-------- Dataset excerpt

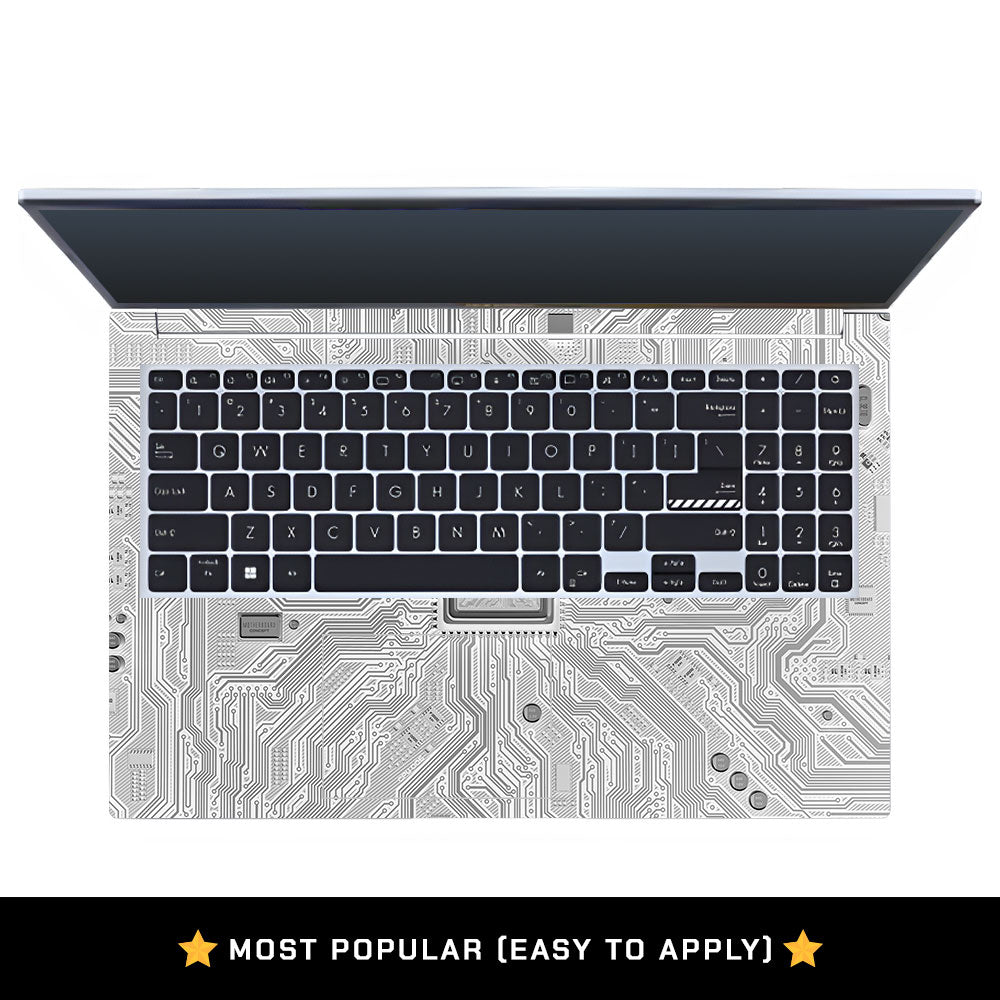 FOMO Circuit Light Mode Asus Vivobook 15 X1502VA Laptop Skin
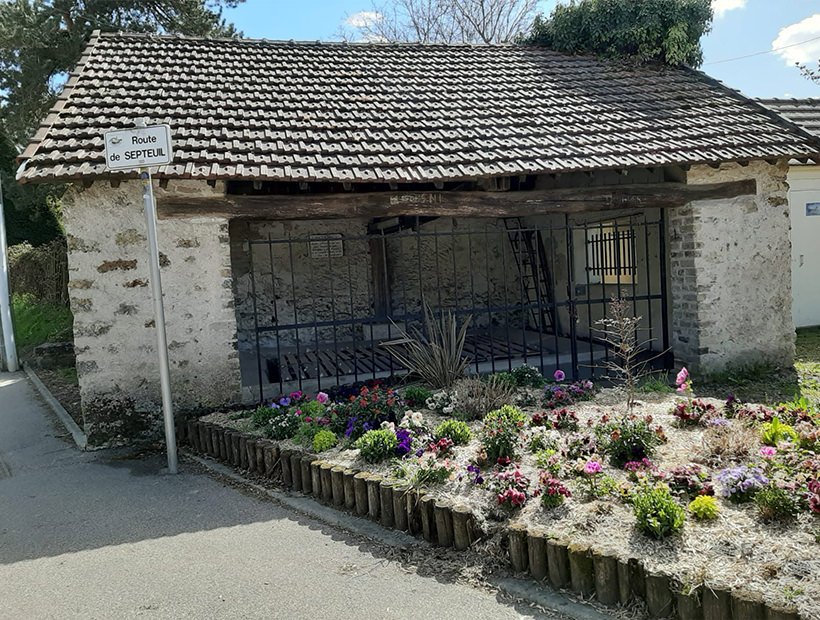 Lavoir de la Villeneuve de Mézières-sur-Seine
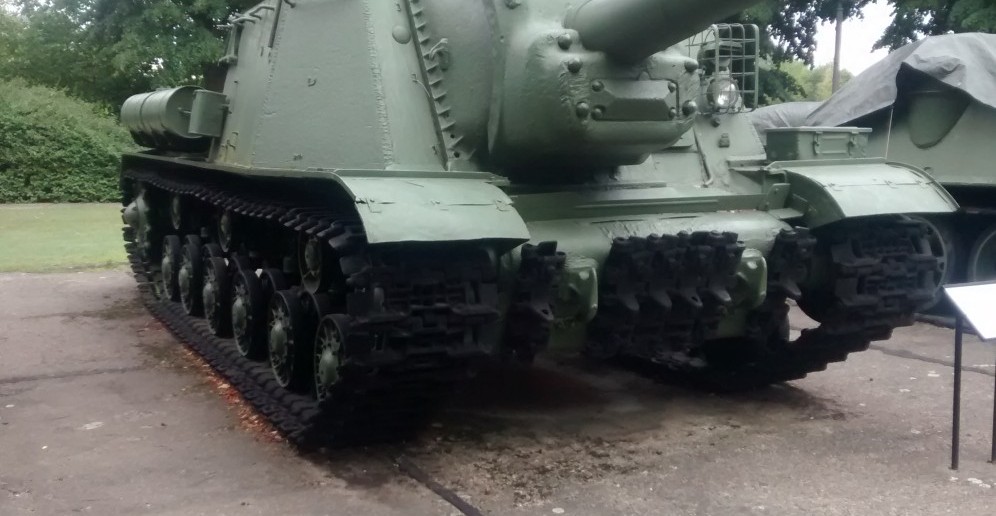 ISU-152 im Deutsch-Russischen Museum in Berlin-Karlshorst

----------------

* Aim of the task *
Would it be possible to copy the material exactly, excluding the images?

* Exercise result *
 FOMO Circuit Light Mode Asus Vivobook 15 X1502VA Laptop Skin
 Lavoir de la Villeneuve de Mézières-sur-Seine
 ISU-152 im Deutsch-Russischen Museum in Berlin-Karlshorst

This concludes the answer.